Bank of America was the first major bank to get into the subprime-mortgage business when it purchased a multibillion-dollar subprime lender in 1992 (it bought a second huge player several years later). Its employees have as much explaining to do as any bank about the "robo-signing" scandal — which saw bank employees swearing they had done the necessary due diligence to prove the bank had the right to seize an individual's home, when they had not. During a deposition, for instance, one Bank of America employee asked how she could be expected to actually look over the paperwork when she was signing 7,000 to 8,000 foreclosure documents per month.

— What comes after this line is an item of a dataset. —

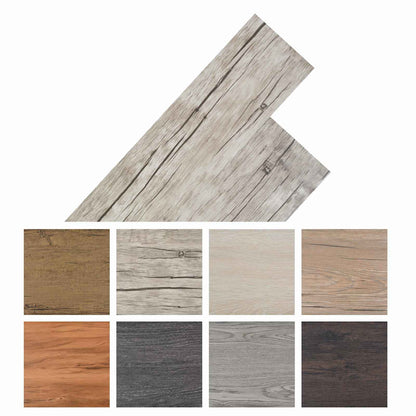 Samolepicí Pvc Podlahová Prkna 30,5 X 61 Cm 28 Pcs Pvc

Like the other banks, Bank of America is also an enabler of the poverty industry, giving Advance America, the giant payday chain, a $265 million line of credit — allowing it to borrow money at 3 percent interest and loan it out at 400 percent.
The bank paid $1.35 billion to Freddie Mac in 2010 to put to rest claims (largely inherited with its purchase of Countrywide at the start of 2008) that it misled Freddie about loans sold during the subprime boom — and then a report by the inspector general for the agency overseeing Freddie said that dollar figure didn't come close to paying for Countrywide's sins. Bank of America proposed a payment of $8.5 billion to settle claims by private investors that Countrywide deceived them in its sale of mortgage-backed securities — except the deal was blocked by, among others, the FDIC and the attorneys general of New York and Delaware.